Gap filler shims are used to fill unacceptable gaps between the thermal protection tiles on the orbiter while tile repair putty is used to fill holes in damaged orbiter tiles. Insulating foam on the shuttle’s external tank keeps cryogenic propellants cold. Ice can form at various locations on the external tank before launch. Any of these materials may shed during launch and impact the shuttle.

During testing, RCC was impacted by each type of debris material. In addition, Glenn tested aged RCC since new material does not accurately represent the true properties of the actual orbiter’s leading edge panels that have been exposed to harsh entry conditions over multiple missions.
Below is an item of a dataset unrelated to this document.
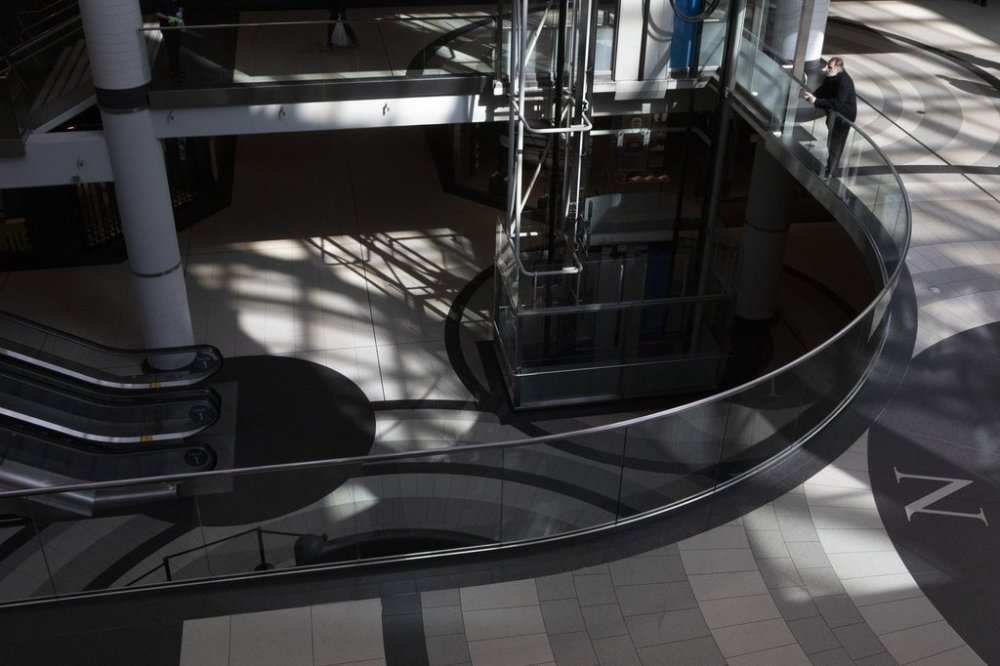 A new report says fears of a trade dispute with the United States have pushed consumer confidence in Canada to its lowest level since the pandemic. A man leans on a railing at Toronto's Eaton Centre shopping mall on Saturday March 21, 2020. THE CANADIAN PRESS/Chris Young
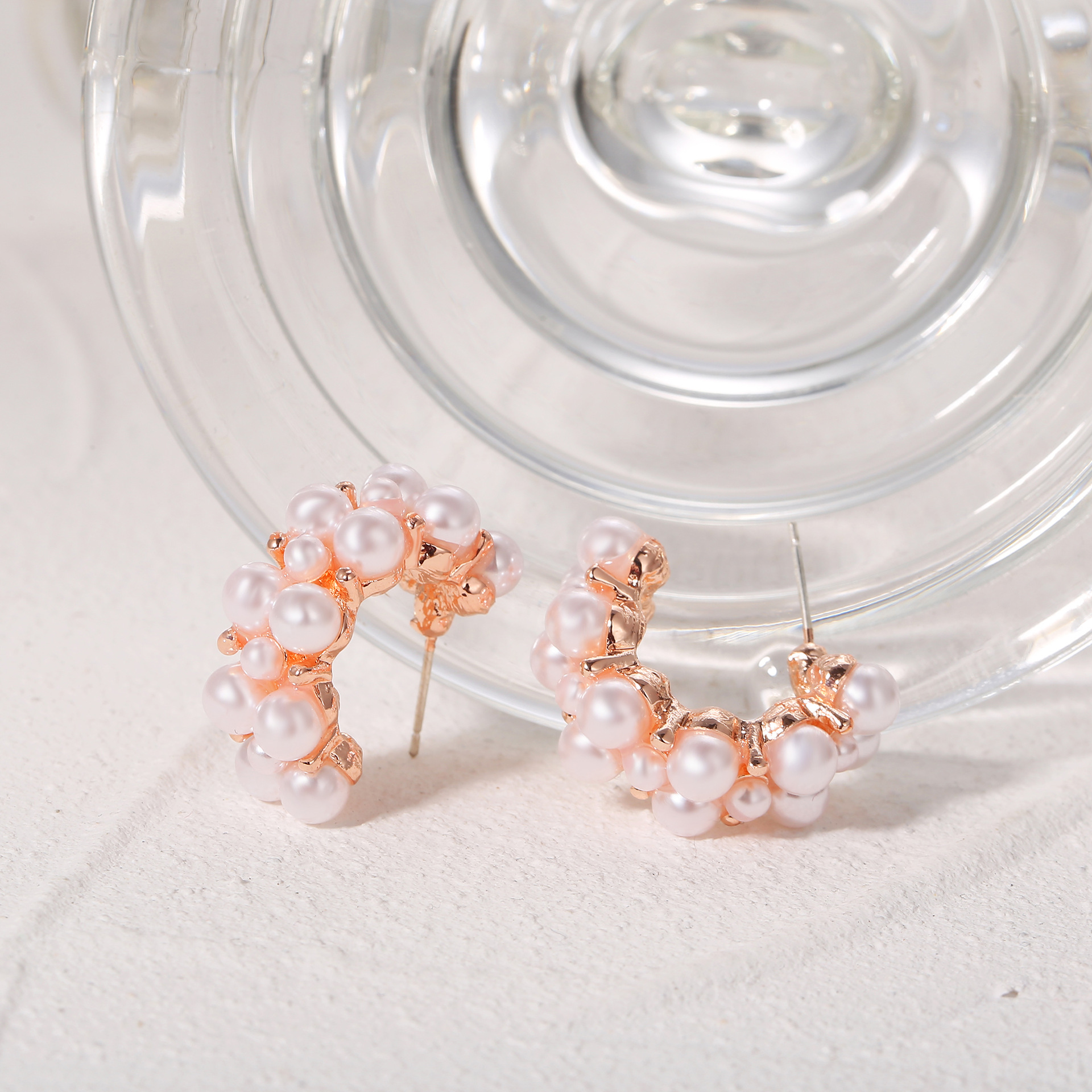 A set of 9-piece exquisite and high-end earrings in rose gold with a unique C-shaped style, exuding a sense of light luxury and sophistication Application Scenario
Analysis material models for RCC, foams, and ice (Credit: NASA).

Ballistic impact research at Glenn involved two kinds of testing: characterization and validation tests. Characterization tests were conducted to gather data to characterize and build computer models for materials of interest to accurately simulate real impact events. Validation tests involved impacting RCC with gap filler, putty, foam or ice and comparing observed results to ensure that the computer models predicted the event correctly. High speed cameras filmed each instance while the data was collected and recorded.

Flight safety is the most important benefit of ballistic impact testing. Glenn’s extensive work in ballistics, which spanned nearly five years, has led to a significant technology gain in understanding impact dynamics. Additionally, results from the testing can be applied to benefit Orion, NASA’s crew exploration vehicle.